Im vorliegenden Fall beantragte die Staatsanwaltschaft in erster Instanz eine Freiheitsstrafe “nicht unter zwölf Monaten” und das Gericht setzte die Einsatzstrafe auf 40 Monate fest. Bedenkt man, dass der Beschwerdeführer schliesslich zu genau 24 Monaten Freiheitsstrafe verurteilt wurde und dass die dem Beschwerdeführer zugebilligte Strafmilderung hauptsächlich auf die sehr lange Verfahrensdauer zurückzuführen ist, wird deutlich, dass bereits im Untersuchungsverfahren bei objektiver Betrachtung eine Freiheitsstrafe von mehr als 24 Monaten im Raum stand. Die Vorinstanz verfällt in Willkür, wenn sie bei dieser Ausgangslage eine notwendige Verteidigung mit dem Argument verneint, dem Beschwerdeführer habe keine Strafe von über 24 Monaten gedroht.
Die Aussagen des Beschwerdeführers im Untersuchungsverfahren sind aufgrund der fehlenden Verteidigung in diesem Verfahrensstadium nicht verwertbar. Indem die Vorinstanz dennoch darauf abstellt, verletzt sie Bundesrecht. Bei dieser Sachlage erübrigen sich weitere formell- und materiellrechtliche Ausführungen (E. 2.6).

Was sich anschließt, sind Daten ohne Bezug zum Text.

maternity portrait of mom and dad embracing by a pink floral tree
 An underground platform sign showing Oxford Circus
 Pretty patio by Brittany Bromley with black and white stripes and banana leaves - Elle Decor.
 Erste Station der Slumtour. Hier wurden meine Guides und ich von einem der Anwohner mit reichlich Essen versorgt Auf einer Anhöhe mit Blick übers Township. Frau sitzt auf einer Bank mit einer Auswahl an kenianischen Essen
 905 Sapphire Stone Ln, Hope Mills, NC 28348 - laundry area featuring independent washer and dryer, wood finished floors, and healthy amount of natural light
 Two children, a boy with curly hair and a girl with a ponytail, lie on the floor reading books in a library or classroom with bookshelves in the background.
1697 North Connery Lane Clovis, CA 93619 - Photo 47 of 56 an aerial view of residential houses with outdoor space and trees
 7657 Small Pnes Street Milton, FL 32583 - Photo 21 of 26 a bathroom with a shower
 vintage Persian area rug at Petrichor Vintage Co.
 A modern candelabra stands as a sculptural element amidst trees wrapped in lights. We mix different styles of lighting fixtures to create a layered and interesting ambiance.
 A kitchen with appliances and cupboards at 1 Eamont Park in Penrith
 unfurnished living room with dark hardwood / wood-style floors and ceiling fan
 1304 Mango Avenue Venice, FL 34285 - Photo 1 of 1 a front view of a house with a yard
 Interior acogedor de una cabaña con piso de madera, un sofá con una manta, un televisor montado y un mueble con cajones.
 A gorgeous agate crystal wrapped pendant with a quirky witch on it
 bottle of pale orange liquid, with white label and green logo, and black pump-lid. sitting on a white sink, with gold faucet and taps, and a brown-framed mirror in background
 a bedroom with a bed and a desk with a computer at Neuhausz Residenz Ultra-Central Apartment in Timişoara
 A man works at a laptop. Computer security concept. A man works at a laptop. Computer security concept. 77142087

Nicht klar ist mir, wieso die Aussagen damit unverwertbar sind. Nach der bundesgerichtlichen Rechtsprechung erscheint mir das nicht als zwingend. Vielleicht kamen auch einfach zu viele krasse Verfahrensfehler ans Licht, die das Bundesgericht nicht mehr beurteilen musste, die aber wohl ebenfalls die Unverwertbarkeit zur Folge gehabt hätten. Hier noch ein kleines Muster aus der Beschwerde, das bestimmt frei erfunden ist, denn sowas kommt im Rechtsstaat Schweiz selbstverständlich nicht vor:

Der Beschwerdeführer bringt schliesslich erhebliche Vorwürfe zu den Haftbedingungen und zum Untersuchungsverfahren vor. So habe er Protokolle unterschreiben müssen, die er nicht habe durchlesen dürfen. Er sei in der Untersuchungshaft in einer eiskalten engen Einzelzelle gehalten worden und habe zuweilen kein Mittagessen erhalten. Die Untersuchungsrichterin habe ihm zudem gedroht, er müsse so lange in der Zelle bleiben, bis er alles unterschrieben habe, was sie wolle (Beschwerde, S. 17).